Data for processing START

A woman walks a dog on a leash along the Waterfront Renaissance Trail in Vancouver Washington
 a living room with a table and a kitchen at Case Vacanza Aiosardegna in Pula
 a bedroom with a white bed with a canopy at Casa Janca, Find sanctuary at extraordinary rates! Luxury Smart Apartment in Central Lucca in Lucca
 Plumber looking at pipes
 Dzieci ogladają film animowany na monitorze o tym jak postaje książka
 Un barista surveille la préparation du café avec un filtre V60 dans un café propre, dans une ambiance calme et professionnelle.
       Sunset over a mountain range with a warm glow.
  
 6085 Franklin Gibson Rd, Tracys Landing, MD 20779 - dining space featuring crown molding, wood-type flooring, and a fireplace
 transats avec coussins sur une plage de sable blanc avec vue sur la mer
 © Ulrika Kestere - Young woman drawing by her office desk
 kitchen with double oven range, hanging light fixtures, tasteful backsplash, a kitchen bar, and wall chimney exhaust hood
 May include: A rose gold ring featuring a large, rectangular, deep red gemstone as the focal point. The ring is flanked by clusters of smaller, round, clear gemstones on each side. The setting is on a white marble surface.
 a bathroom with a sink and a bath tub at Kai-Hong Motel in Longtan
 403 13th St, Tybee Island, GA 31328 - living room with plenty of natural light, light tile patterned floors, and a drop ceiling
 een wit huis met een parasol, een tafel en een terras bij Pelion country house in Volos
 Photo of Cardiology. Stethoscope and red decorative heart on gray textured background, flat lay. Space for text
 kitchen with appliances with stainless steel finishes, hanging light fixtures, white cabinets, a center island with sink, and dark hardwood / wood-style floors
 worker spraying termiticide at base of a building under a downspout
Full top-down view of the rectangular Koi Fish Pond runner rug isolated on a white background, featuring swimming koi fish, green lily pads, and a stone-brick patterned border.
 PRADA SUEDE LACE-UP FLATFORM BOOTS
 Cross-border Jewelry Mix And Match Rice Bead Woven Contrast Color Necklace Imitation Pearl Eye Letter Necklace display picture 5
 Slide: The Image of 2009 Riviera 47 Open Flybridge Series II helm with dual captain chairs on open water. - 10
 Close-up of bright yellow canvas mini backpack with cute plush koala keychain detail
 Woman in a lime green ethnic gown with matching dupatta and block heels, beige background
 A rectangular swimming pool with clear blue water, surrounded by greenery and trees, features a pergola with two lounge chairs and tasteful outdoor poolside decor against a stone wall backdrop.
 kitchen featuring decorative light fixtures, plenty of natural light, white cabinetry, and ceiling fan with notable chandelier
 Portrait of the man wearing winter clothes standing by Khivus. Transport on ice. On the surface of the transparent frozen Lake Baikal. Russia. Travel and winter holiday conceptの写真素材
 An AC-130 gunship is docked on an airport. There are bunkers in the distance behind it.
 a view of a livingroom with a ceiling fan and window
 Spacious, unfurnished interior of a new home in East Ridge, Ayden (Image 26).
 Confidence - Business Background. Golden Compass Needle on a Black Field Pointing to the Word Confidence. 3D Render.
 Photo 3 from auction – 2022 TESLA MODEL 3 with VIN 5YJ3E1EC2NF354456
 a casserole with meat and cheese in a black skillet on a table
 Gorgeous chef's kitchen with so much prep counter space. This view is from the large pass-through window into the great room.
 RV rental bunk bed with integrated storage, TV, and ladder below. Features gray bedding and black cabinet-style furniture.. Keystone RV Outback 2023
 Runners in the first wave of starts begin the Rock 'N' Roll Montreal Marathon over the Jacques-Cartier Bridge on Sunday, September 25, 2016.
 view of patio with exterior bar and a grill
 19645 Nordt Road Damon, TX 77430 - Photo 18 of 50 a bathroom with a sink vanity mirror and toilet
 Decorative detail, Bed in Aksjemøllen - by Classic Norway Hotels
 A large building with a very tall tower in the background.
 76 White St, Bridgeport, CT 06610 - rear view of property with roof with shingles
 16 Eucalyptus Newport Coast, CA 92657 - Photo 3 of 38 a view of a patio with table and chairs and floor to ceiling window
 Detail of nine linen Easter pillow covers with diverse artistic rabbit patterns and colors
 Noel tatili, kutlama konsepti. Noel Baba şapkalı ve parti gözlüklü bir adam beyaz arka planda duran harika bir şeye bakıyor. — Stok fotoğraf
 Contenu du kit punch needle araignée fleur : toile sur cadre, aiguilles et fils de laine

Data for processing END

Report every line in the data above in which the word "rectangular" appears.

Answer for the task -
 May include: A rose gold ring featuring a large, rectangular, deep red gemstone as the focal point. The ring is flanked by clusters of smaller, round, clear gemstones on each side. The setting is on a white marble surface.
Full top-down view of the rectangular Koi Fish Pond runner rug isolated on a white background, featuring swimming koi fish, green lily pads, and a stone-brick patterned border.
 A rectangular swimming pool with clear blue water, surrounded by greenery and trees, features a pergola with two lounge chairs and tasteful outdoor poolside decor against a stone wall backdrop.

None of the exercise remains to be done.